Proteins from hASCs treated with different concentrations of Cd were resolved by 12% or 15% sodium dodecyl sulfate (SDS)-polyacrylamide gel electrophoresis (PAGE) and transferred to nitrocellulose membranes (0.2 µm). The membranes were blocked with 5% albumin for 1 h at room temperature and incubated with primary antibodies (anti-H3K27ac #ab4729, H3K27me3 #ab5700166, KDM6A ab#O15550, KDM6B ab#O15054, CREBBP ab#Q92793, EP300 ab#B2RWS6, EZH2 ab #D2C95246S, Ab cam, Waltham, MA, USA) at 4 °C overnight. Membranes were washed and incubated with secondary horseradish peroxidase-conjugated anti-rabbit IgG (Cell Signaling^®, Danvers, MA, USA—#7074) antibodies at room temperature for 1 h. Protein blots were visualized by using an enhanced chemiluminescence Western Blotting detection kit (ECL Prime Western Blotting System, Amersham Biosciences^®, Leicestershire, UK). Beta-actin (Cell Signaling^®, Danvers, MA, USA—#4967L) levels were used as an endogenous standard. Protein quantification was analysed by using Scion Image software version 4.0 (Scion Corporation, Frederick, MD, USA). All the results were expressed relative to control group levels and corrected by the expression of the constitutive beta-actin and total protein by Ponceau.

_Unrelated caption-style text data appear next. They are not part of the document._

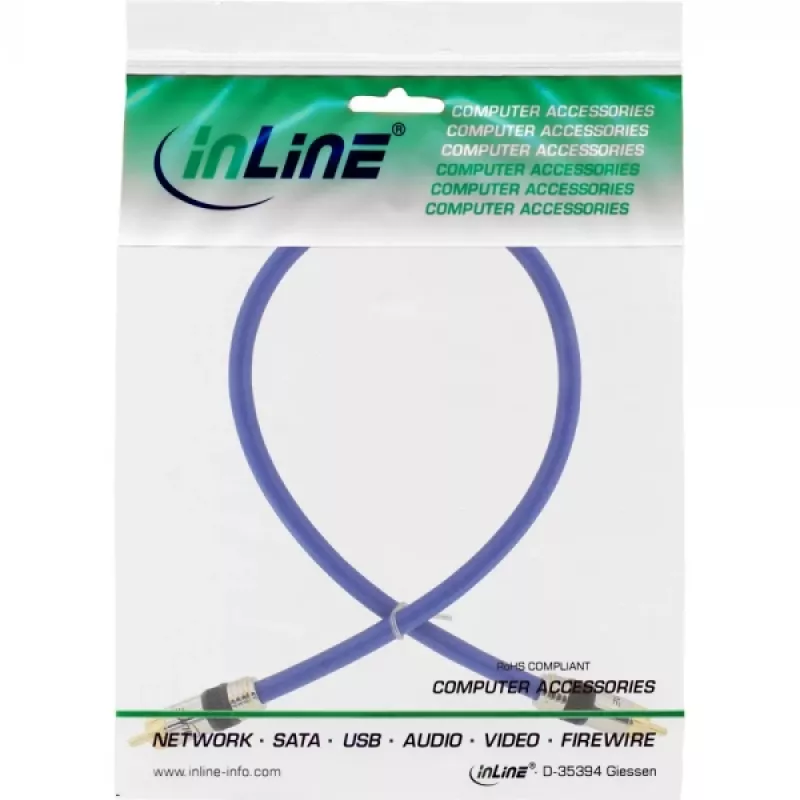 Cavo video e audio digitale RCA InLine Premium, connettore maschio/maschio RCA, placcato oro, 2 m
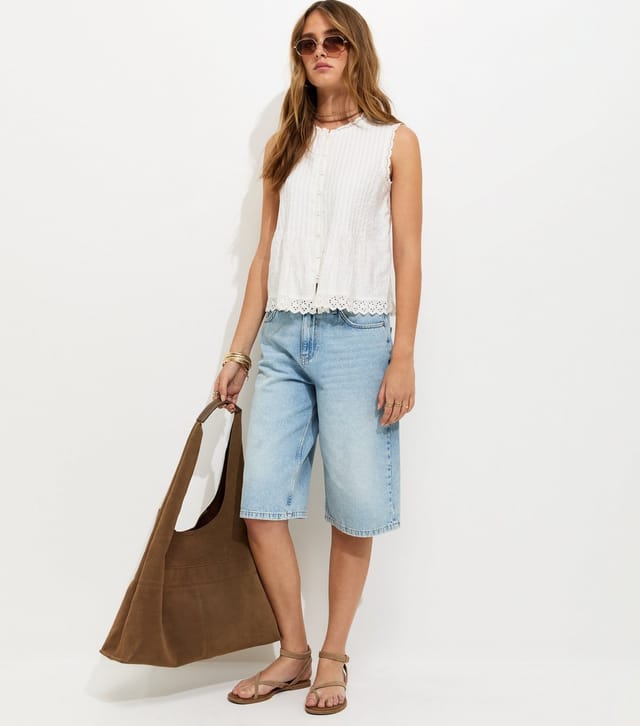 New Look Women's White Pintuck Button Front Sleeveless Top New Look - 3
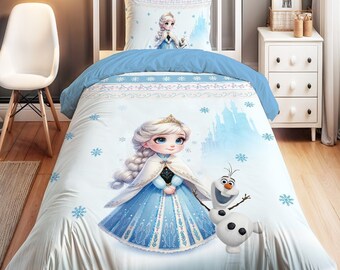 Juego de funda nórdica para niños inspirador de Elsa y Olaf, juego de cama Snow Queen Elsa, juego de funda nórdica Frozen Princess Elsa, juego de cama para habitación de niñas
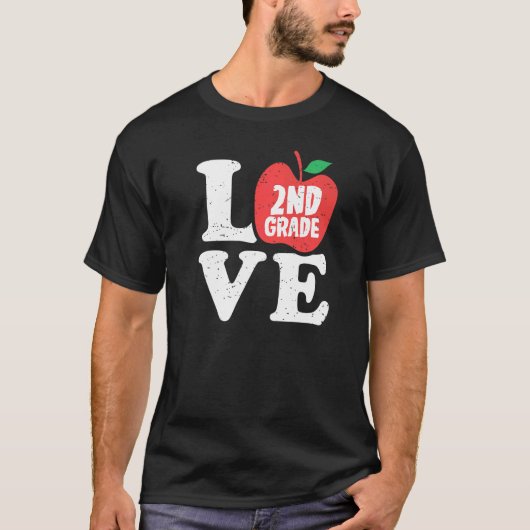 Love 2nd Grade Apple Second Grader Student Teacher T-Shirt (Vorderseite)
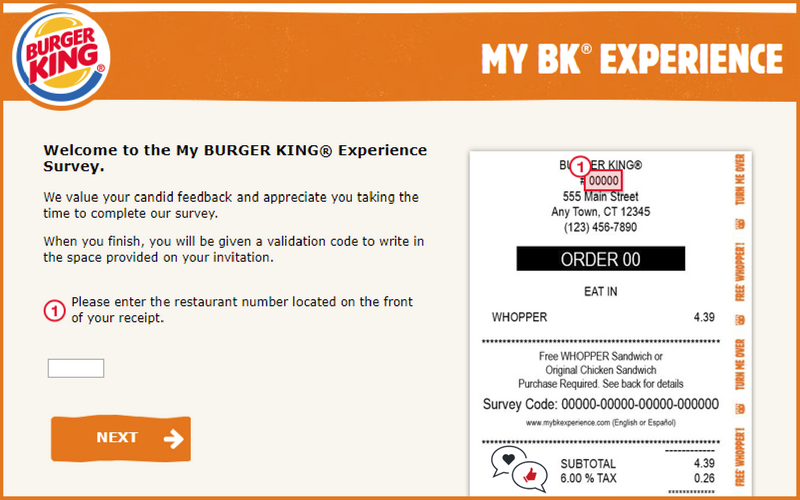 My BK Experience Win a Free Whooper With Burger King Survey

4.11. Statistical Analysis

The data analysis was conducted using a one-way Analysis of Variance (ANOVA), followed by Tukey’s post-test for intergroup comparisons or Student’s t-test for comparisons between two groups. The results are presented as the mean ± standard error of the mean (SEM), with significance defined as p < 0.05. The statistical evaluations were carried out using GraphPad Prism software, version 9.1.2 (GraphPad Software Inc., San Diego, CA, USA).

5. Conclusions

In summary, this study provides the first evidence that non-cytotoxic cadmium exposure modulates H3K27 histone modifiers—particularly KDM6B—in primary human adipose-derived stem cells and differentiated adipocytes. This epigenetic shift occurs alongside redox imbalance (reduced CAT activity, increased protein carbonyls) and a pro-inflammatory response (CCL2 upregulation), ultimately impairing adipogenic differentiation and lipid accumulation. Our findings suggest that even low-level Cd exposure may contribute to adipose tissue dysfunction through interconnected mechanisms involving ROS-driven KDM6B expression and antioxidant disruption. Further studies using genome-wide approaches and in vivo models are needed to fully elucidate the translational implications of these findings.